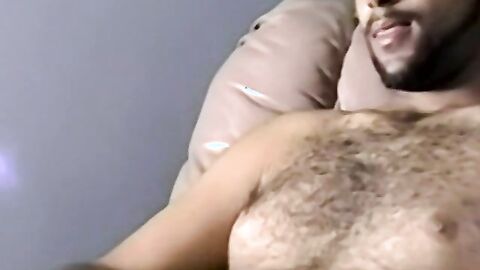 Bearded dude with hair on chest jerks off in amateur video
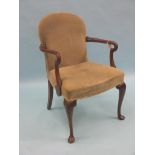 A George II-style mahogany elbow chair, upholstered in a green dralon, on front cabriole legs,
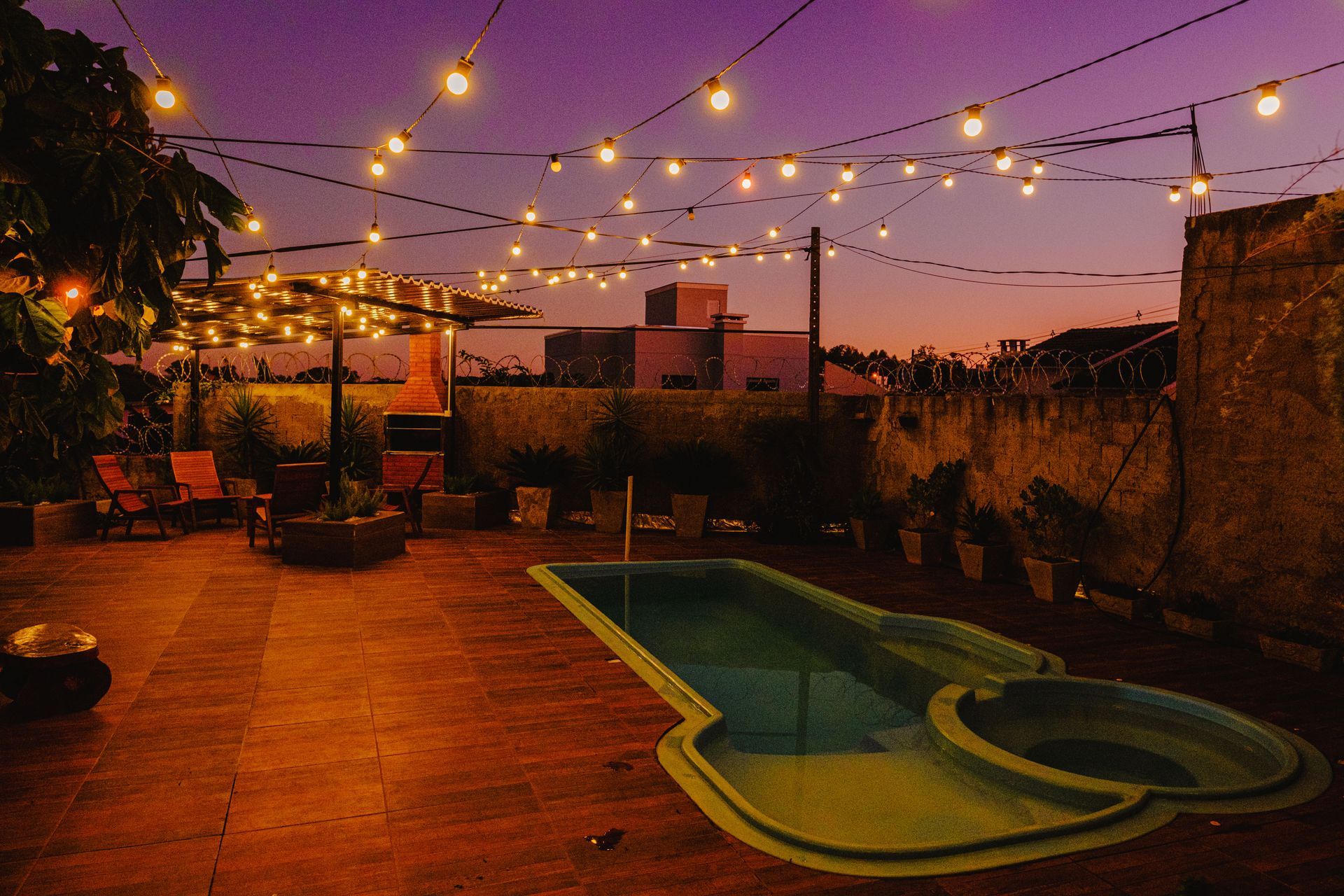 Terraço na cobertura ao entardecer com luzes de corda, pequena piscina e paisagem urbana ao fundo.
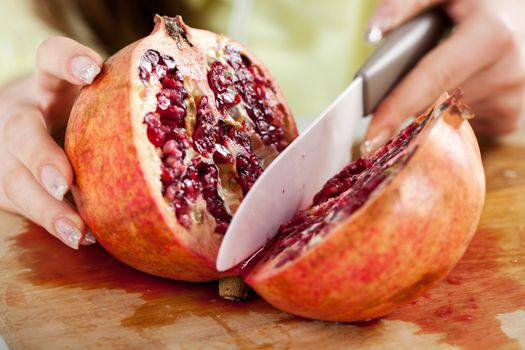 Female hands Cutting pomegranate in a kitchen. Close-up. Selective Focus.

=== Problem ===
Print all data above verbatim, except pictures.

=== Answer section ===
 Bearded dude with hair on chest jerks off in amateur video
 A George II-style mahogany elbow chair, upholstered in a green dralon, on front cabriole legs,
 Terraço na cobertura ao entardecer com luzes de corda, pequena piscina e paisagem urbana ao fundo.
 Female hands Cutting pomegranate in a kitchen. Close-up. Selective Focus.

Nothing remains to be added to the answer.